Leslie P. Collins

| 09 Oct 2025 | 01:02

Leslie GH Pride Collins, a resident of Warwick, N.Y., from 1973 until 2019, died in Oneonta, N.Y., on Oct. 4, 2025, at the age of 96.

Leslie enjoyed a long and happy life full of love, good friends, stimulating work, travel, and a close and caring family. He had a profound and lasting affection for his parents, siblings, wife, children, and grandchildren, nieces, nephews, and close friends.

Leslie was born in London in 1929, the first son of Leo and Violet Collins. His father was an outstanding professional clarinetist, well known in London’s classical music fraternity of the 1930s, 1940s and 1950s. Strong traditions in music, poetry and art marked his family’s origins. The name “Pride” was from Leslie’s maternal grandmother who was a direct descendant of Lord Thomas Pride of Nonesuch, famed in English history for “Pride’s Purge” of Parliament (1648) and condemned to execution as one of the regicides in the beheading of King Charles I. Leslie was pre-deceased by his young sister Sally, his sister Mary, and his deeply loved younger brother, Mike.

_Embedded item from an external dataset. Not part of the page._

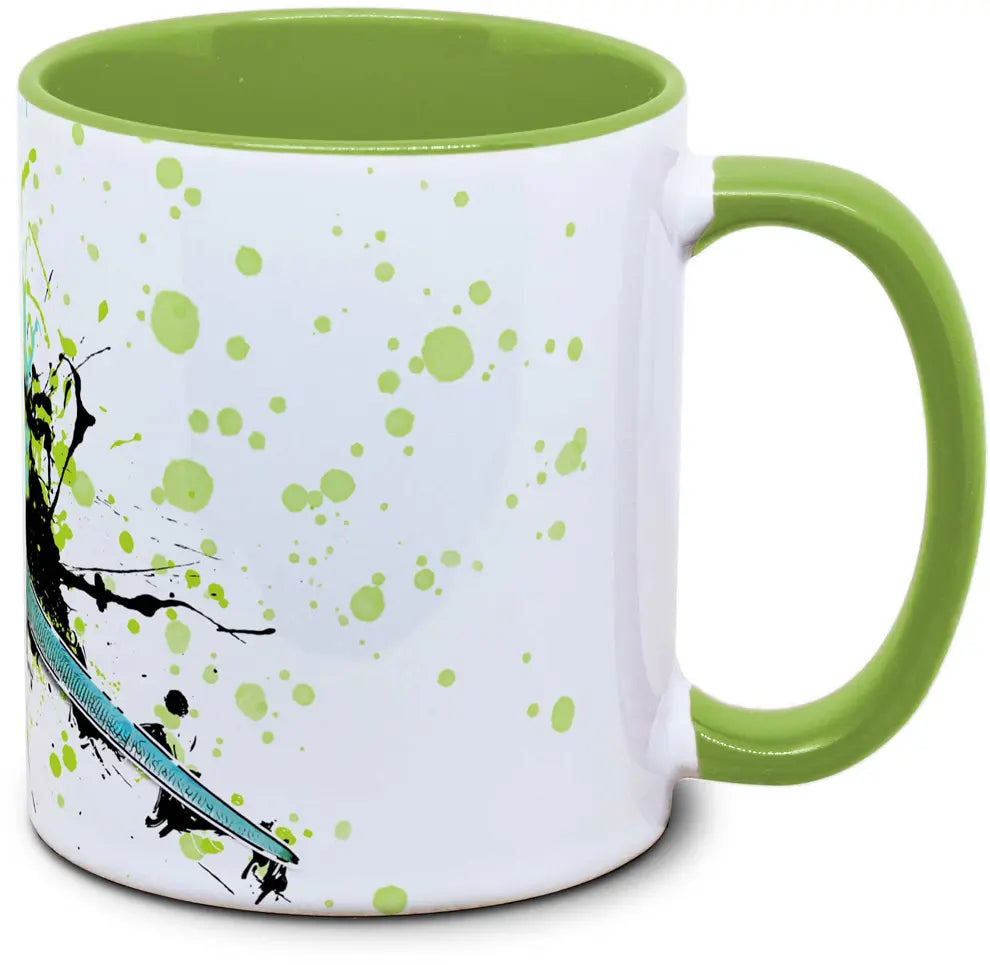 Tasse mit Phelsuma klemmeri blauer Bambus Taggecko Seitenansicht links des Henkels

The foundations of Leslie’s education were set at the illustrious Bedford Modern School in England. His training in communications began in the Royal Signals, a corps in which he served in the Middle East. On leaving the British Army, he obtained formal engineering training at colleges that included the prestigious University College London. He immigrated to Canada in the 1950s, working on an island in the Arctic and in other isolated northern locations. Early in the ”space race,” he was invited to work for Collins Radio Company of Dallas, establishing facilities for NASA and the Goddard Space Flight Center in many parts of the world. During these activities, he was admitted as a Member of the Institution of Electrical and Radio Engineers. He took pride in achieving the status of a Chartered Engineer while working on the Apollo (Man-on-the-Moon) project. His work took him to scientific laboratories on Long Island, N.Y., where he met and married Jacquelyn Taylor, a young schoolteacher from Oneonta. He and Jacquelyn celebrated their golden wedding in 2013.

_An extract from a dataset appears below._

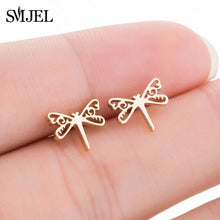 Load image into Gallery viewer, SMJEL Stainless Steel Mickey Stud Earrings for Women Girls Minimalist Fox Cat - florentclothing store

In 1973, when Western Union established America’s first domestic satellite system, Leslie headed up the communications engineering department in its network of earth stations, which included the master station in Glenwood, N.J. This was the beginning of his residence in Warwick, N.Y. In 1984 he purchased Centrex, a small company in the satellite communications business, and expanded its operations to include a subsidiary in the U.K. From a modest office in Warwick, his company provided satellite services to many prestigious clients. These included long-term relationships with the U.S. Social Security Administration, the United States Senate, Boeing Aircraft, Fox Sports, The Caribbean Broadcasting Union, and other U.S. and international entities.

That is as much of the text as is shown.